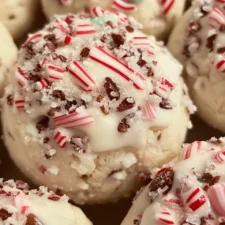 Peppermint Pecan Snowball Cookies Recipe: A Festive Treat for Every Occasion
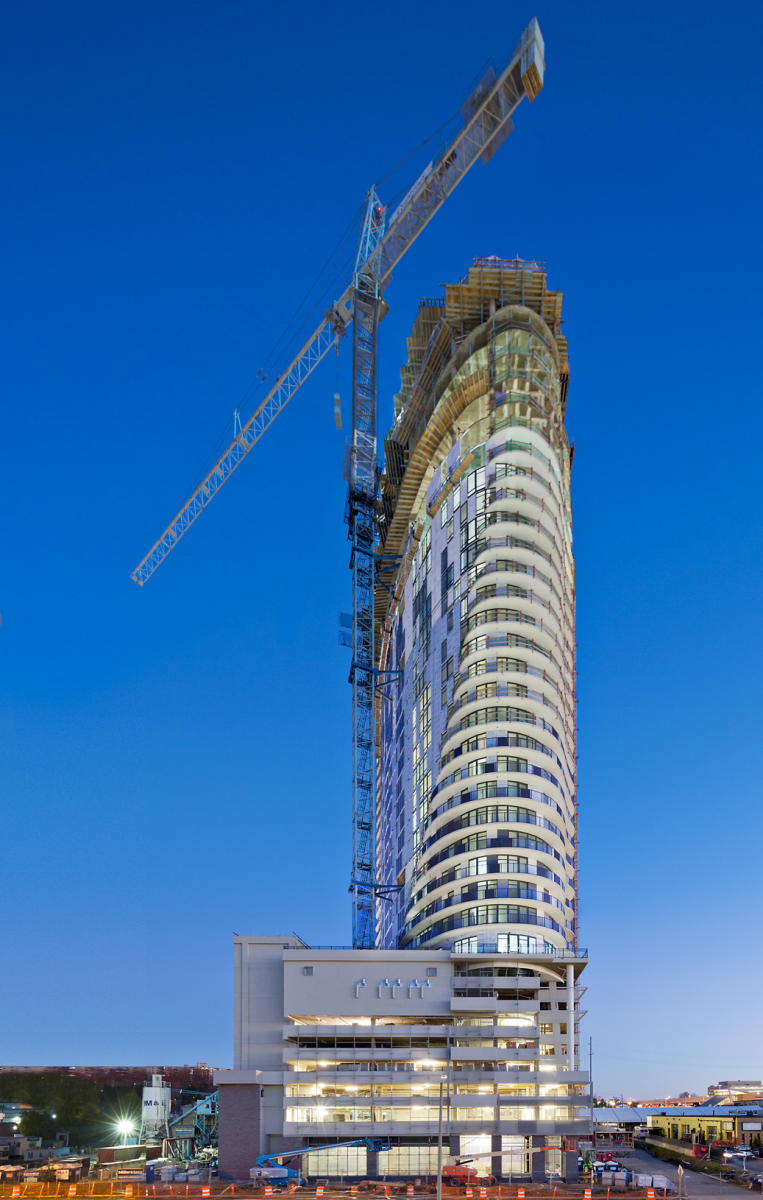 Project: The Adaire  |  Construction: Moriarty  |  Architect: R2L:Architects  |  Developer: Greystar
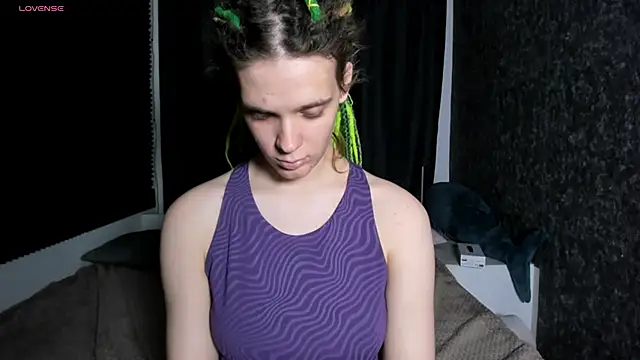 KIKI_Krash live sex cam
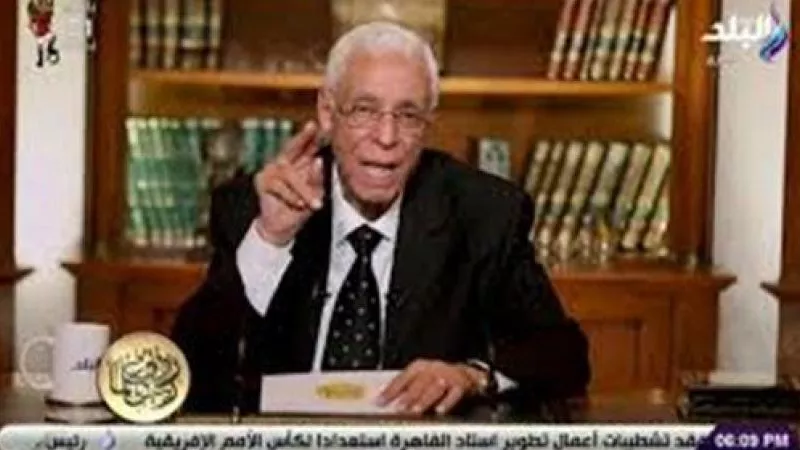 حسام موافي يحذر من خطورة السمنة على المفاصل.. فيديو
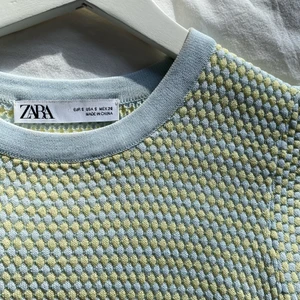 Zara topp - HÖGSTA BUD: 200kr 💥💥                                                                   Kommer tyvärr inte till användning men den är endast använd ett fåtal gånger och i jättebra skick. Skickar fler bilder om ni vill🥰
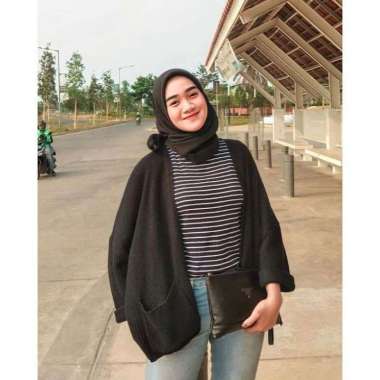 Outer Rajut Wanita lavela locy oversize Lavela hitam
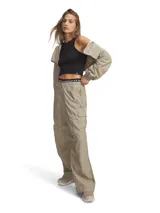 Pantalón cargo de corte holgado confeccionado en tejido técnico ripstop resistente al agua. Presenta cintura elástica con cierre de botón a presión, bolsillos laterales con cremallera, bolsillo cargo y cordón elástico ajustable en los bajos.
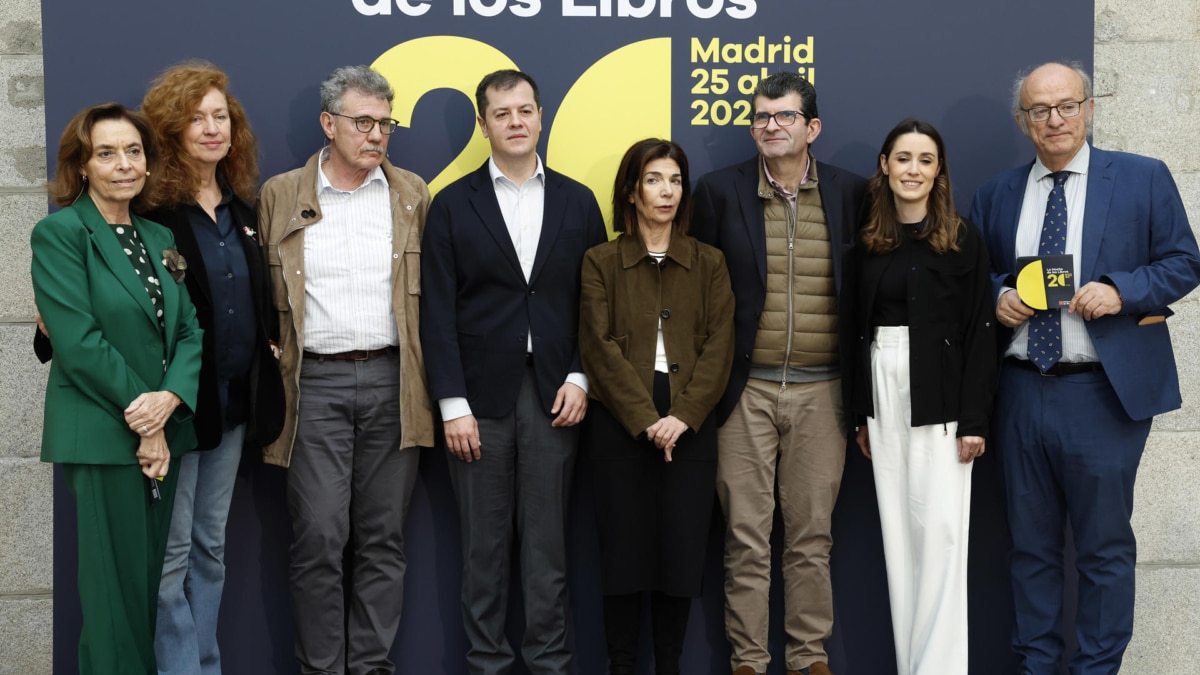 El viceconsejero de Cultura, Turismo y Deporte de la Comunidad de Madrid, Luis Martín (4i), acompañado, entre otros de la librera Lola Larumbe (2i), la directora de Relaciones editoriales del Grupo Planeta, Ana Gavín (i), y Carlos García (3i), jefe del Área del Servicios Públicos de Lectura de la CAM, durante la presentación de la 20º edición de La Noche de los Libros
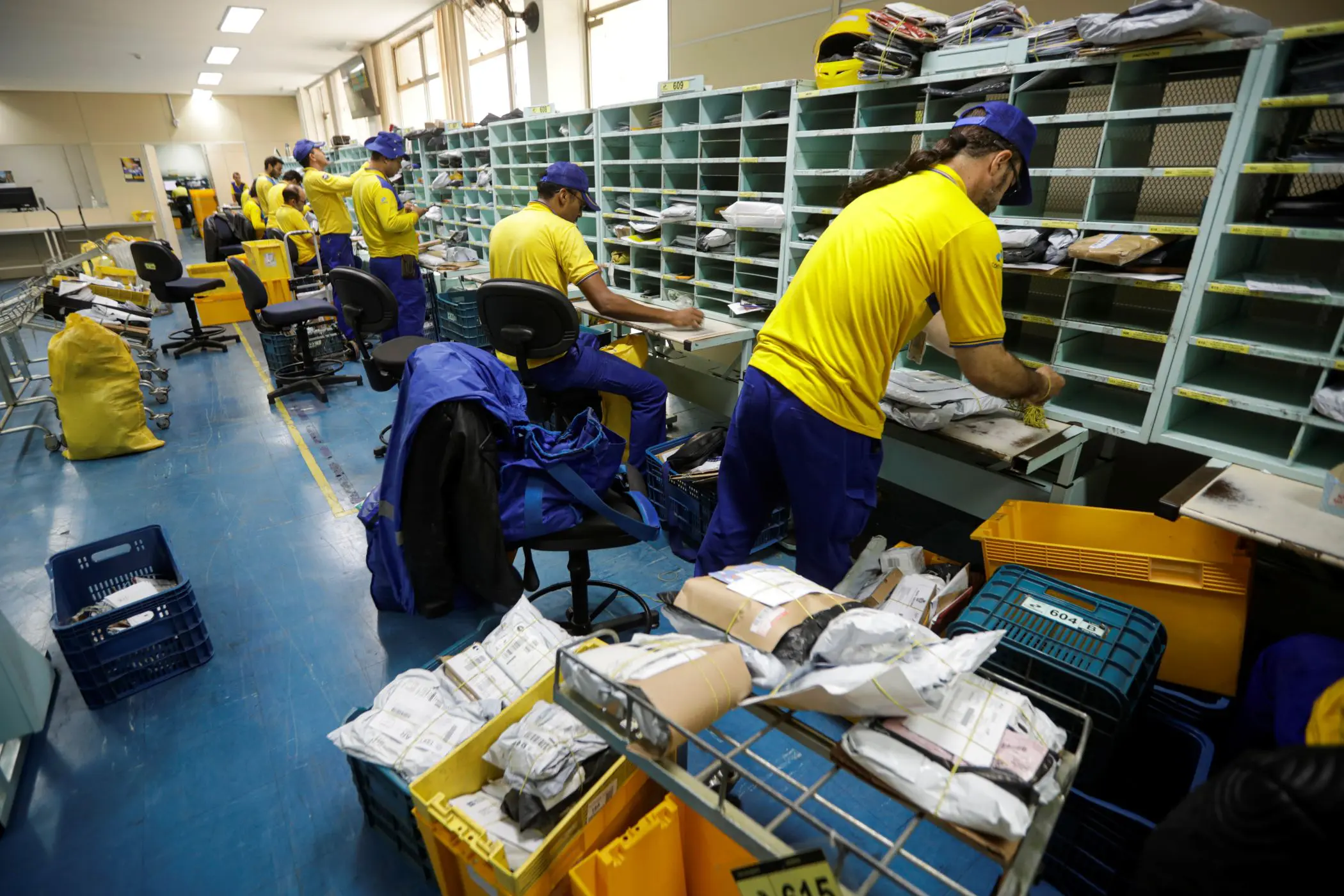 Após rombo bilionário, Correios anunciam suspensão de férias e redução de jornada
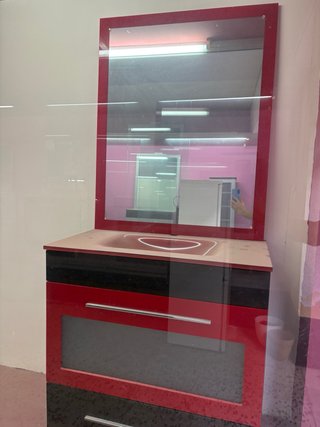 Mueble de baño con espejo rojo y lavabo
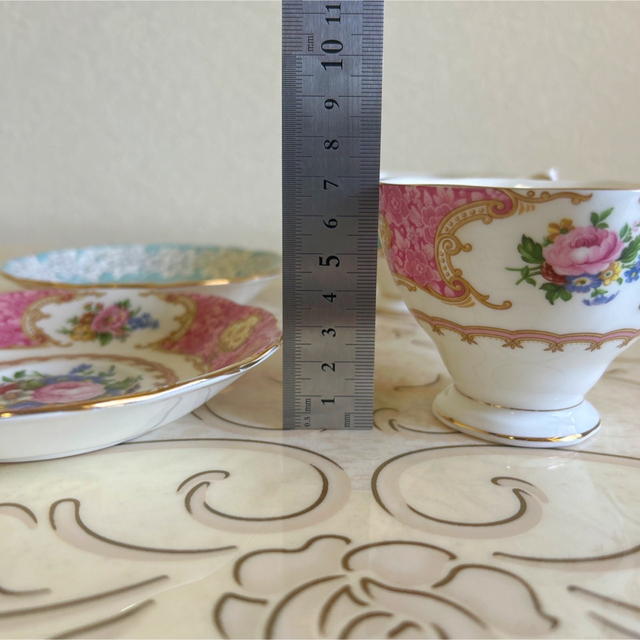 ROYAL ALBERT(ロイヤルアルバート)のロイヤルアルバート ROYAL ALBERT カップ&ソーサー　2客セット インテリア/住まい/日用品のキッチン/食器(食器)の商品写真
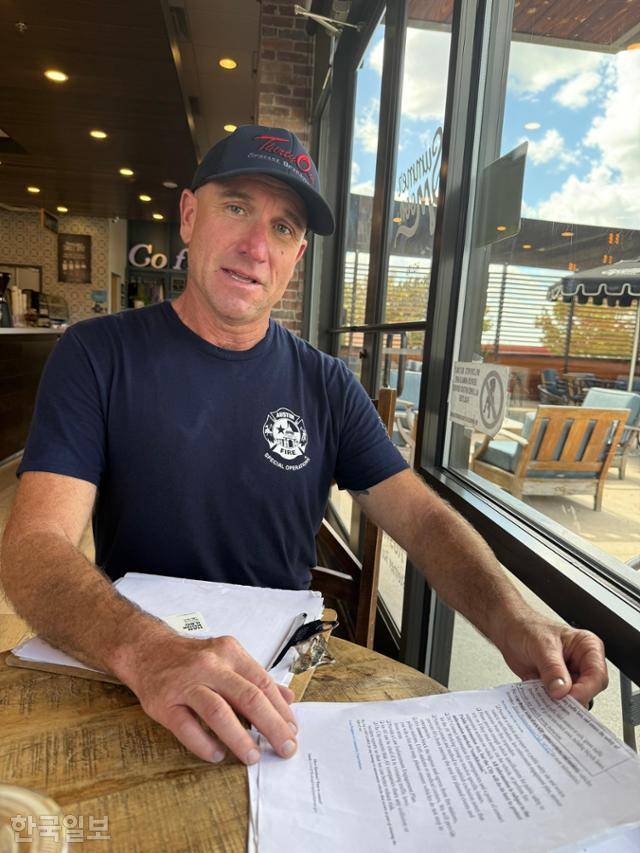 오스틴시 소방국 소속 매슈 맥일러니 오스틴 자율주행차 안전 실무그룹 소방팀장이 23일(현지시간) 오스틴 시내에서 북서쪽으로 20마일가량 떨어진 슈타이너 랜치에서 한국일보와 인터뷰하고 있다. 오스틴=박지연 특파원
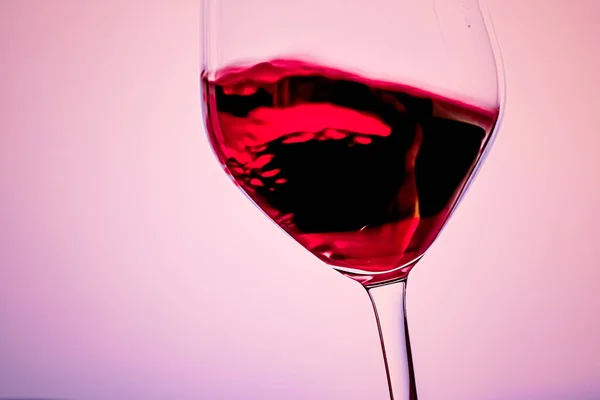Vin rouge haut de gamme en verre cristal, boisson alcoolisée et apéritif de luxe, œnologie et viticulture — Photo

****

Exercise details:
Could you repeat exactly the lines from the first one of the records above through the line containing "Outer Rajut Wanita", leaving out any pictures?

Task output:
 Peppermint Pecan Snowball Cookies Recipe: A Festive Treat for Every Occasion
 Project: The Adaire  |  Construction: Moriarty  |  Architect: R2L:Architects  |  Developer: Greystar
 KIKI_Krash live sex cam
 حسام موافي يحذر من خطورة السمنة على المفاصل.. فيديو
 Zara topp - HÖGSTA BUD: 200kr 💥💥                                                                   Kommer tyvärr inte till användning men den är endast använd ett fåtal gånger och i jättebra skick. Skickar fler bilder om ni vill🥰
 Outer Rajut Wanita lavela locy oversize Lavela hitam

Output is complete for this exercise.